Like other countries, the United States has for several years been questioning its history globally, in particular with regard to its slavery past. The least we can say is that the New York City Hall made a radical decision on this subject on Monday, October 18. The statue of Thomas Jefferson will no longer be enthroned in the town council chamber. This work by French sculptor Pierre-Jean David d’Angers should be moved to a room at the Town’s Historical Society, dedicated to the history of New York and more broadly of the United States. The city council, meeting in committee, unanimously adopted this decision to withdraw.
Thomas Jefferson is known to have actively participated in the drafting of the Declaration of Independence of the United States of 1776 and to have been the third president of the country. But he also owned a plantation in Virginia, in which more than 600 slaves worked. Six children were born from his union with one of the plantation’s slave women, Sally Hemings. In eighteenth-century American society, it was also common for white masters to have sex with some of their black slaves.
In the 1990s, the highlighting of this part of Thomas Jefferson’s life caused a stir. Descendants of Sally Hemings were even invited to the program of journalist Oprah Winfrey in 1998. These revelations ” remind us that our heroes, starting with our presidents, are neither gods nor saints, but flesh and blood beings “, Underlined at the time the historian Joseph Ellis, quoted by Release.
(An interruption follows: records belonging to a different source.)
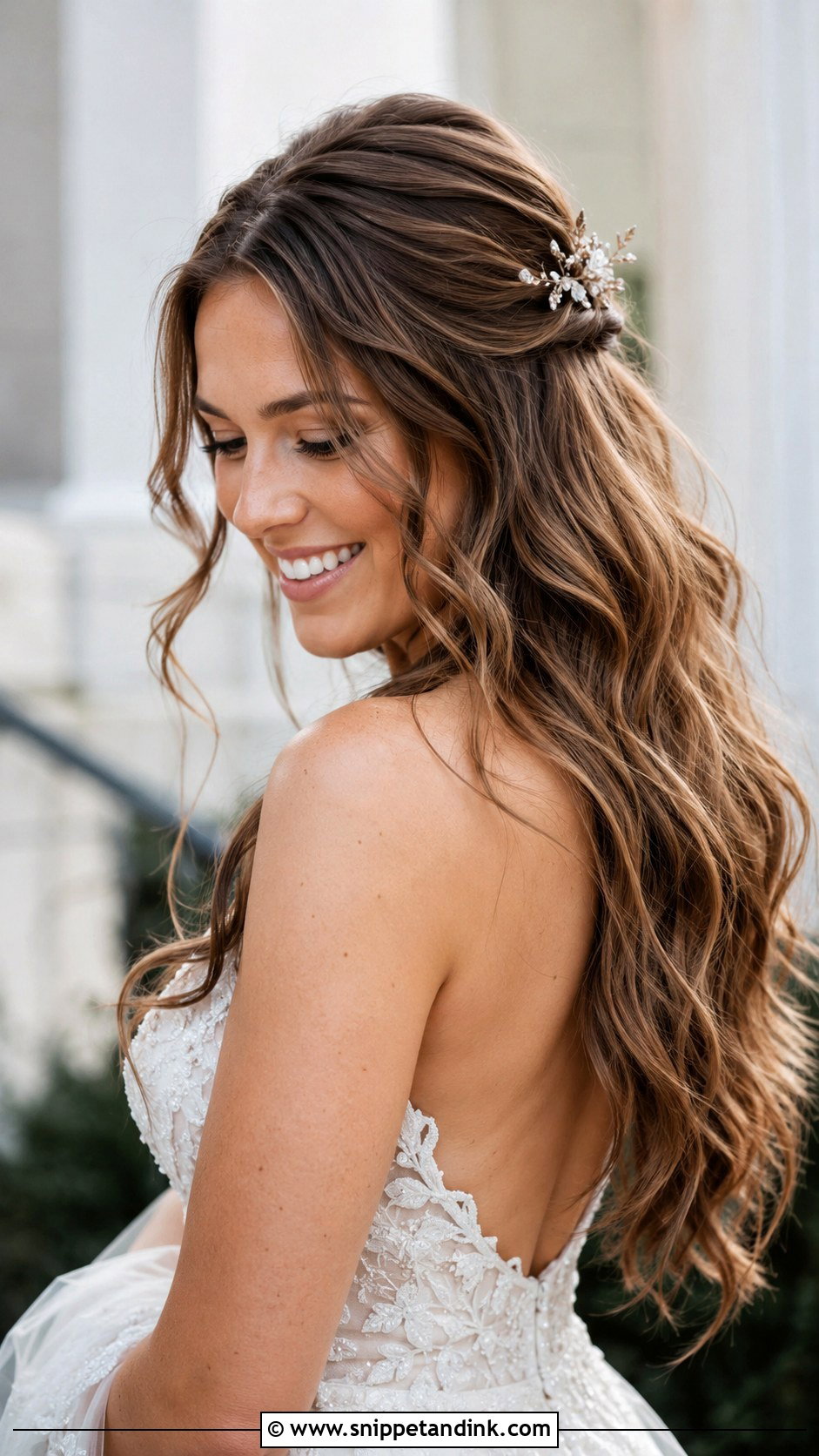 Long Layered Bridal Waves - Snippet and Ink - 25 Wedding Hairstyles for Bride Down
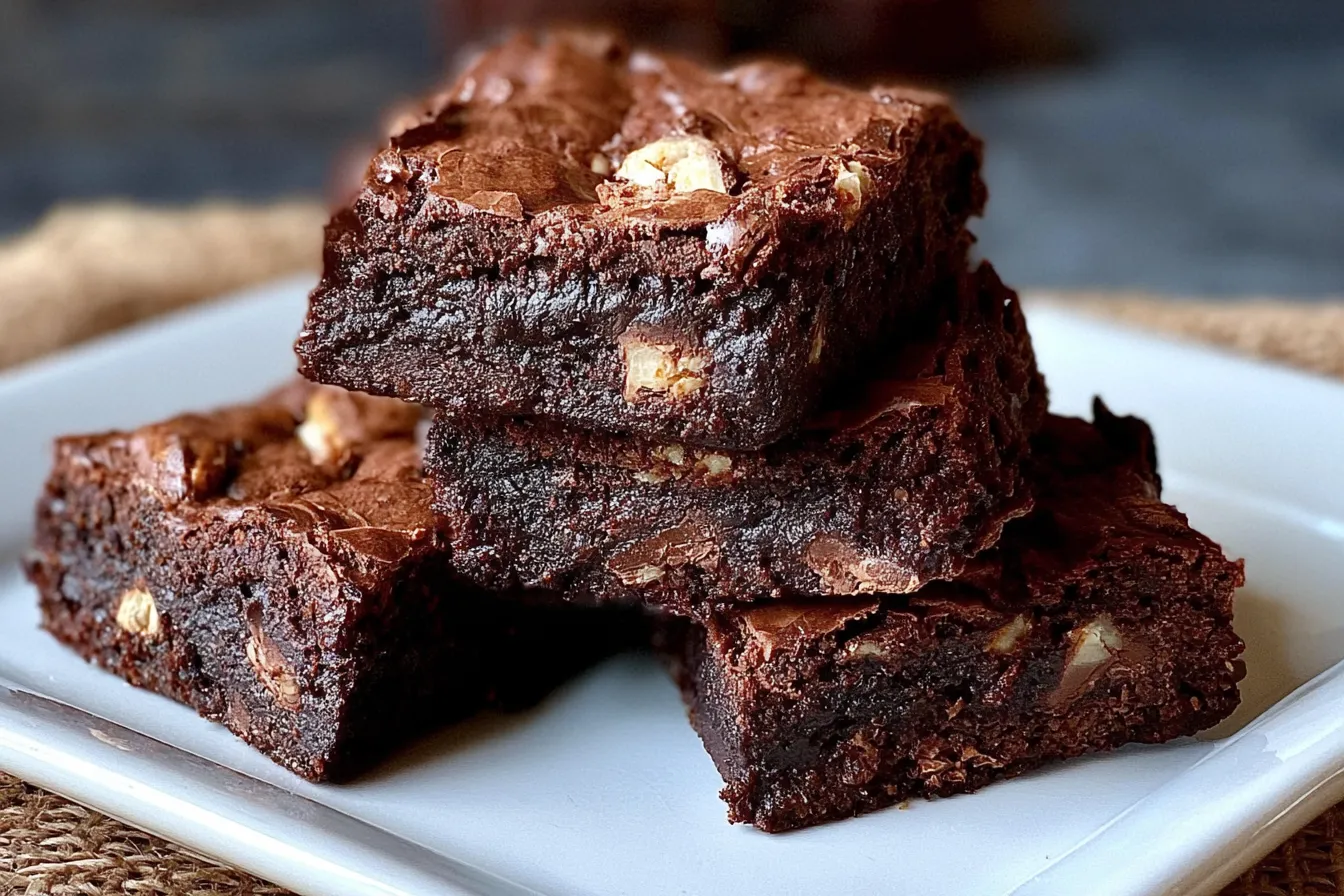 Triple Chocolate Brownies: Indulge in Pure Chocolate Bliss 3 Decadent Triple Chocolate Brownies Freshly Baked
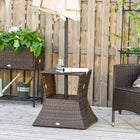 Outsunny Rattan Wicker Outdoor Coffee Table with Umbrella Hole, 2 Tier Storage Shelf - Mixed Brown-Solid metal frame construction for outdoor use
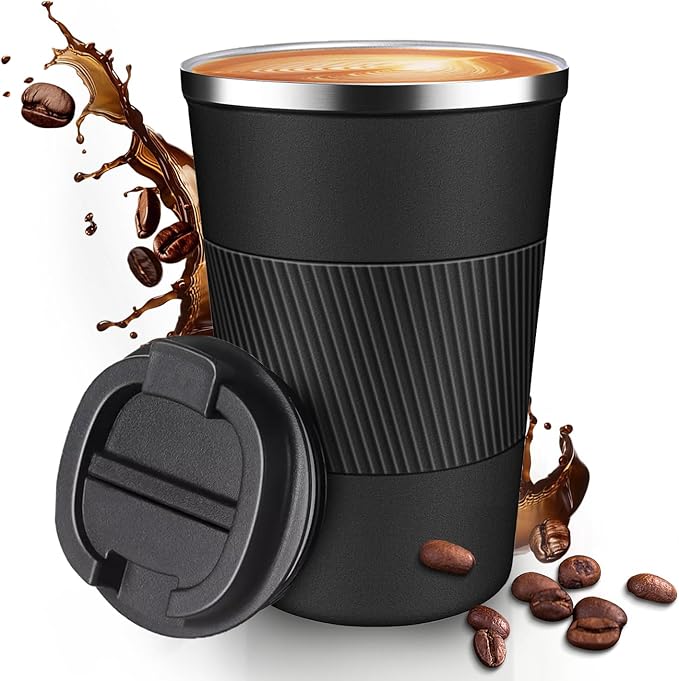 12OZ Travel Coffee Mug Insulated Coffee Cup with Spill Leak Proof Lid
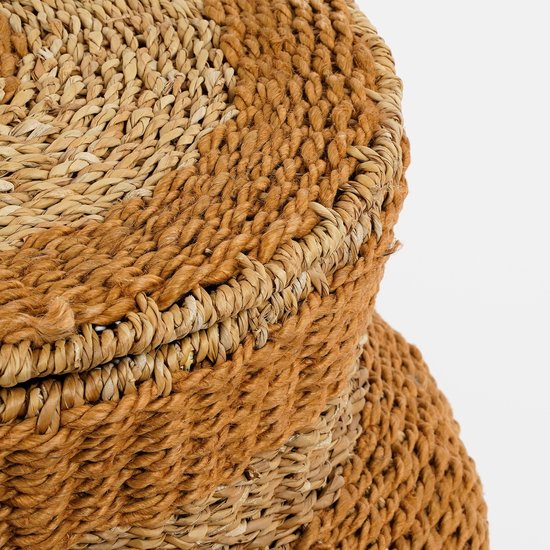 Mica Decorations Panier de rangement Tacoma avec couvercle - H48 x Ø55 cm - Jute - Jaune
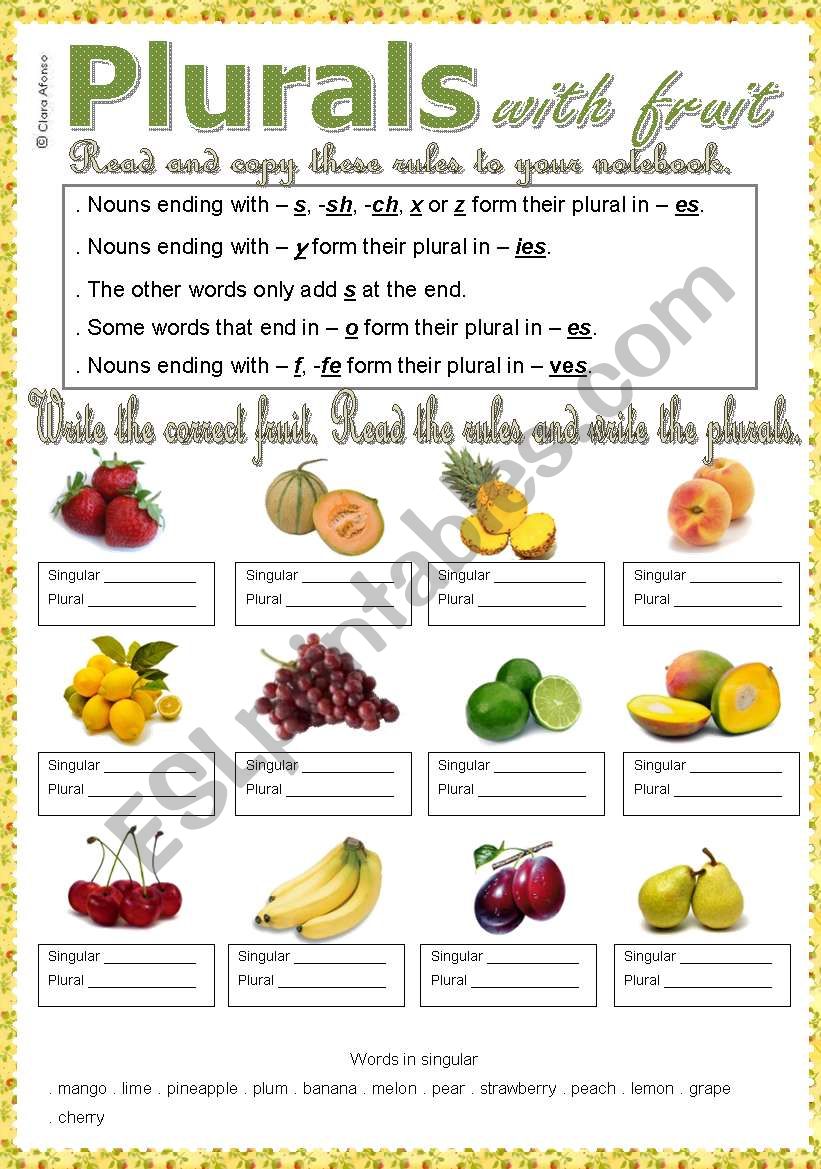 Plurals with fruit worksheet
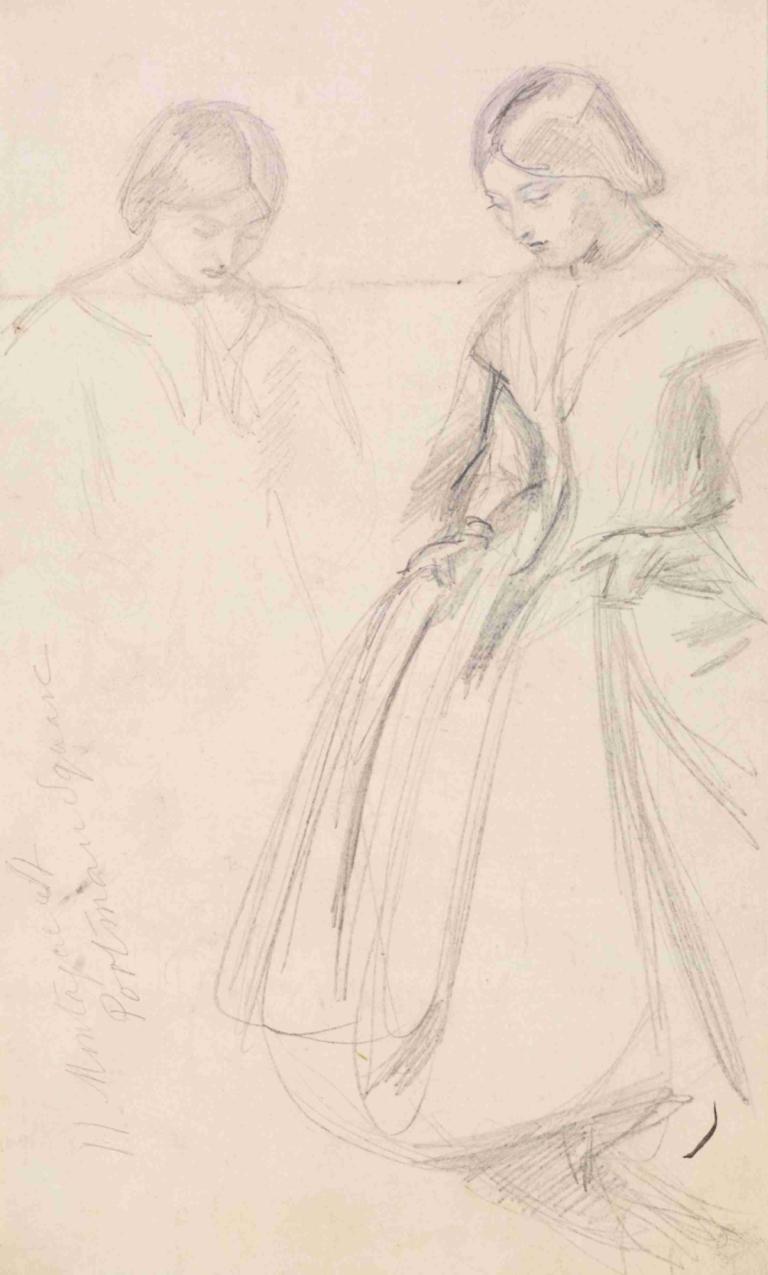 Female - Sketches of a Girl holding her Skirt,Sir John Everett Millais,Sketch,Sketch, sketch, robe, 1girl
A request from municipal councilors
The president’s statue has been controversial for years in New York City Council. But it’s mostly the murder of George Floyd, killed in May 2020 by white policeman Derek Chauvin, which revived the debate.
City Council Chairman Corey Johnson and several other Latino and black city councilors addressed a letter to Mayor Bill de Blasio, in June 2020. In this letter, they urge him to proceed with the removal of this statue which they judge ” inappropriate “Because it constantly recalls the” injustices affecting communities of color ».
Thomas Jefferson « represents some of the most shameful pages in our country’s long and nuanced history “, Says the African-American New York city councilor Adrienne Adams. For his part, Bill de Blasio was himself in favor of moving the statue. He said he understood why the story of Thomas Jefferson, as a slave owner, ” deeply disturbs people and why they find it to be something that cannot be ignored ».